People talk about how women don’t want problems solved, they just want validation. When I see somebody who wants validation for their invalid behavior I refuse to play. If she’ll change the invalid behavior I’ll be full of support. If she just wants a pity-rag, she should get a stuffed animal; humans in general and friends in particular shouldn’t be misused like that.

Nobody gains when she whines and you enable.

One of the lines of complaint though IS all of the stuff she is doing that isn’t working. What she has been eating and not eating, exercise she has been doing, etc. Unfortunately, her results have been non-existent and she is understandably discouraged.

I’d rather just provide the validation than lose a friend. How should it go to make her feel validated?

Maybe say something like:

“I’m sorry you feel this way. How can I help?”

I’m seeing two very separate dialogues here.

The OP asked, “How can I steer the conversation away from this tiresome topic.” And that’s easy: “Hey, can we change the subject? Thanks.”

But many here are answering a different, unasked question: “How can I help my friend with her psychological self-image difficulties stemming from being overweight and obsessively insecure about it?” That’s very different, and not easy at all.

This doesn’t sound exactly like the problem with the OP’s friend. Pre-emptive self-criticism isn’t a really good idea anyway, but who would do it over and over, again and again? Once, maybe. “Yes, I know I’m overweight, but you don’t have to worry about offending me by anything you might say.” That’s a relatively polite way of avoiding conversational difficulties. But, “I’m fat. God, I’m fat. I’m so fat. I gained two pounds today. I’m really hot today, but that’s because I’m fat…”

That isn’t healthy.

That’s a very good answer to the first question: “How do I steer the conversation away.” It doesn’t address the second question…but that question only arose secondarily in this thread.

I think this is a very sensible way of changing the subject.

And that’s a pretty good way to start the difficult work of addressing the second question, “How do I help my friend?” Directly asking them, “How can I help you?” is blunt, and it might not work. It might just trigger a whole new round of self-abusive passive-aggressive non-answers. “Oh, nobody can help me. I’m so fat.” But it might, with effort and care and some leverage, lead to some actually helpful paths of dialogue.

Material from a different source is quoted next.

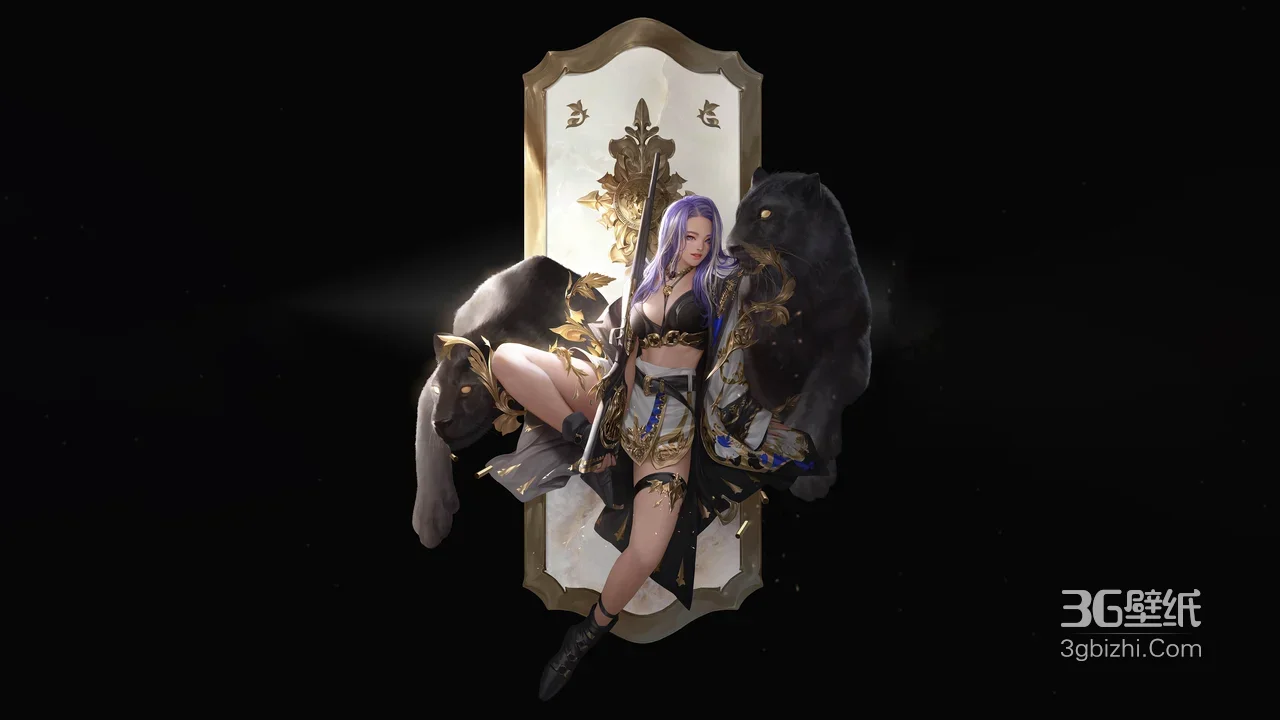 紫发女战士·持剑黑豹伴身 华丽写实风 游戏角色宽屏车机壁纸1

Well, I did actually ask two questions, the first one in the title.

You can always do this.

Are you a man or a woman OP? Do women talk constantly with men about how fat they look, I thought they mostly only did that with each other.

As someone who used to get caught up in the trap of constantly rehashing the same issues (and ignoring advice people gave me) I don’t know what the answer is. I think the person just wants their pain validated. But I have no idea if even that will help much.

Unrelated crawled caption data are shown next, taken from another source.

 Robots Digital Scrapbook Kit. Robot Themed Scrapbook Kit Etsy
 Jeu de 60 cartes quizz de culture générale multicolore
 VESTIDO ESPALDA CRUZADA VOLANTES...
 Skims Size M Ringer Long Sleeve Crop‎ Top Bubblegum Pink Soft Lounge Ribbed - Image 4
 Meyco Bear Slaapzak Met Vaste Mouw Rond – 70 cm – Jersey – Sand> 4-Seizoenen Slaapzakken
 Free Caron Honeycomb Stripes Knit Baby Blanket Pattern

Having to hear about fat all the time is just more way being a women means being treated inappropriately by others, even other women.

Women are told that only have value if they look good enough, so obsession with appearance is a natural consequence, but I don’t want to participate in that type of discussion even when it has nothing to do with weight.

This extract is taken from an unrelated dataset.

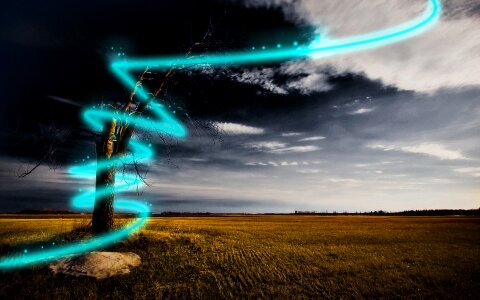 Nature light effect aliens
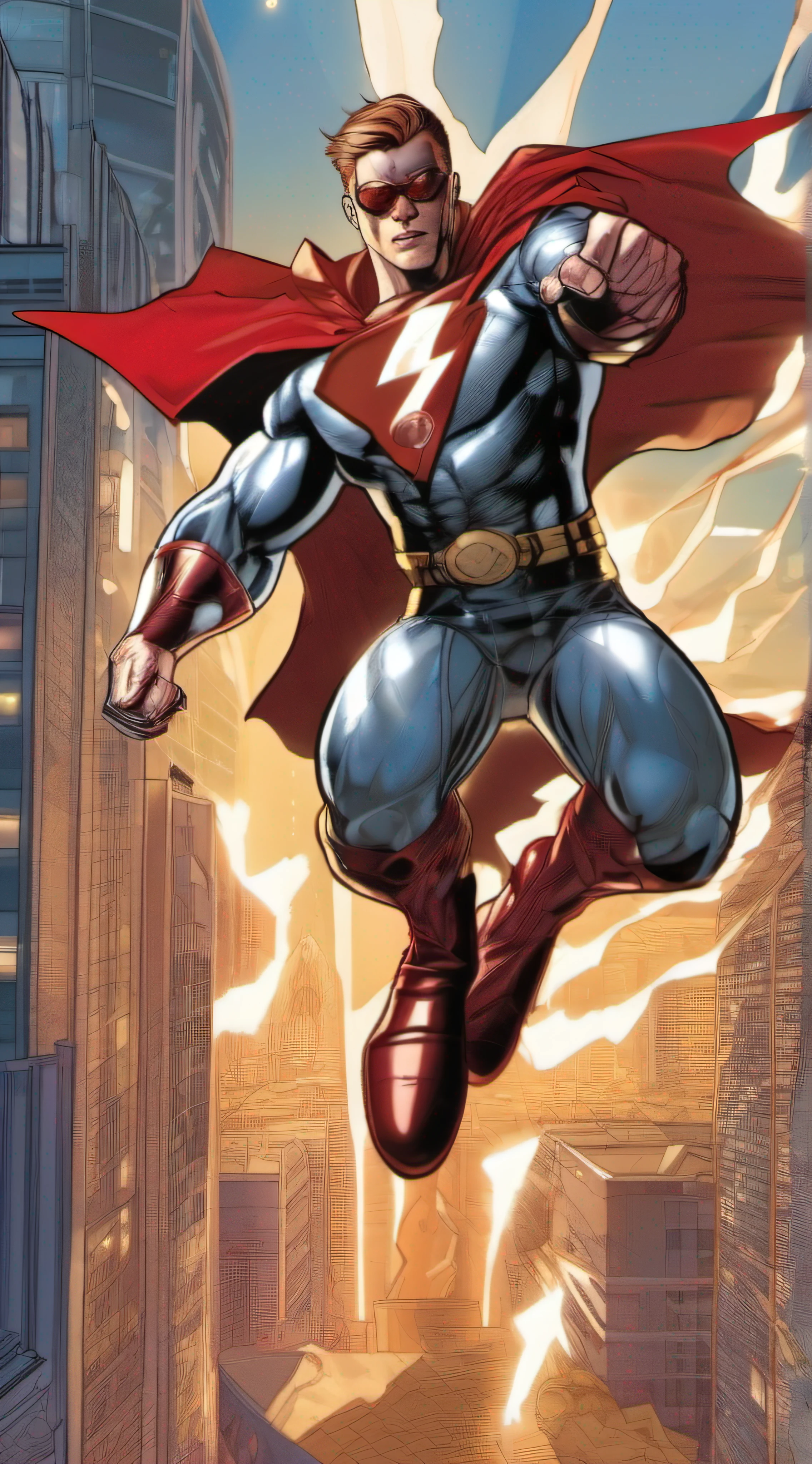 muscular superhero with light brown hair, wearing a mirrored silver bodysuit, with a dark red cape and a pair of dark red sunglasses, with dark red boots and gloves, with bolts of red lightning arcing from his outstretched hand, above a modern city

I am a woman, but under the new rules, maybe not.

Well, let’s flip the question.

How would you respond to someone of normal or athletic build who went on and on about their diet and exercise routine ad boredom?

“Wow, that burger looks good, but it has soooo much fat and there’s chemicals in the bun. And gluten!” (said while nibbling salad)

“I’m soooooo tired, my hot yoga class was exhausting, and this woman couldn’t do a decent blah blah blah…”

“I need to get in more steps today. I only did 5,000, I’ll get out of shape!”

Just as tedious. Same response? Or different?

(ETA, I find “fat talk” as tedious as “healthy habits talk”. I can’t think of anything I’d like less to discuss than my exercise or diet routine, except perhaps for someone else’s.)

I get the sense that you are unwilling to address the situation directly, for fear of negative social consequences. It sounds like you fear that a frank word would irretrievably alter the relationship between you. That’s really, really unlikely.

If the person is at all reasonable, the consequences would be an awkward moment at worst, which you can ease with a smile and a touch (or a hug, if you’re the type).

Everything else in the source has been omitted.